MACRO SMALL="set font 1;lines 94"

I add these two to WINICE.DAT, which you can add either manually or through LOADER32.EXE's SoftICE Initialization Settings dialog Macro tab, so I can always use them. The BIG macro forces the font to the medium size version and increases the lines shown in the window. Depending on your screen resolution, you might need more or less. The SMALL macro, as you can guess, shrinks the font and increases the number of lines you can see.

One thing you will want to get familiar with very quickly is SoftICE's mouse support as it is very helpful to speeding up your debugging. First off, double clicking on a source line or an address will set a breakpoint on that line. Single clicking on a register value in the Register window or a data location in the Data window allows you to edit the values in place. Right clicking will bring up the context menu. If you right click on a valid address or symbol, right clicking will also highlight that value. One thing that's a little different about the SoftICE context menu is that it includes the "Copy & Paste" command. When you are looking to add parameters to normal commands, the "Copy & Paste" command can make your usage much faster. For example, if you want to set a breakpoint on a function in the code window disassembly, type "BPX " (notice the space!), right click on the function and select "Copy & Paste" from the right click context menu. Another really cool command on the right click menu is the "What" command. If you ever wanted to know what any value in a register, the disassembly, or in the Data window was, right click and select "What." SoftICE is quite good at figuring out most items so just ask away!

Once of the biggest frustrations with SoftICE is when the mouse goes berserk. If you happen to be moving the mouse just right when SoftICE pops up because of an exception or a breakpoint, SoftICE interrupts the mouse packets in the middle so the mouse can be out of synchronization. The trick is to carefully tap the mouse so that the right click menu appears. When the menu appears, press "CTRL+M" a few times to get the mouse back in the groove.

Helpful Tricks

Once you get comfortable debugging simple user mode applications under SoftICE, you'll want to start digging a little deeper into what SoftICE can do. In this section, I'll discuss commands and techniques to help you get past some of the confusing parts.

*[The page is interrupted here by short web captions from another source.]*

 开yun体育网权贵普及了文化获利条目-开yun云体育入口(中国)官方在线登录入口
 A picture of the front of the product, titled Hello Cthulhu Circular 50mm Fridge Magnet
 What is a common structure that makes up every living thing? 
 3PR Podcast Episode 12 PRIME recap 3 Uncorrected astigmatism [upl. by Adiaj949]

Getting Back to the Current Instruction Pointer

If you debug as I do, you will be looking at various things and moving all over the place in the process. Once you get down a few layers, it can get a little confusing to figure out where you started. You can use either the "." command or right clicking on EIP in the register window and selecting "Unassemble."

Setting the Address Context

Sometimes, half of using SoftICE is getting into the right process before doing specific operations. Since SoftICE is global, you sometimes need to force SoftICE into shifting it's internal pointers so that any information command you'll want to execute apply to a specified process. The "ADDR" command allows you to see the running processes as well as to force SoftICE into a specific address context. You can see what address context is current by looking at the lower right status bar. If you type "ADDR" by itself, you will see a listing of all processes with the current address context denoted by an asterisk.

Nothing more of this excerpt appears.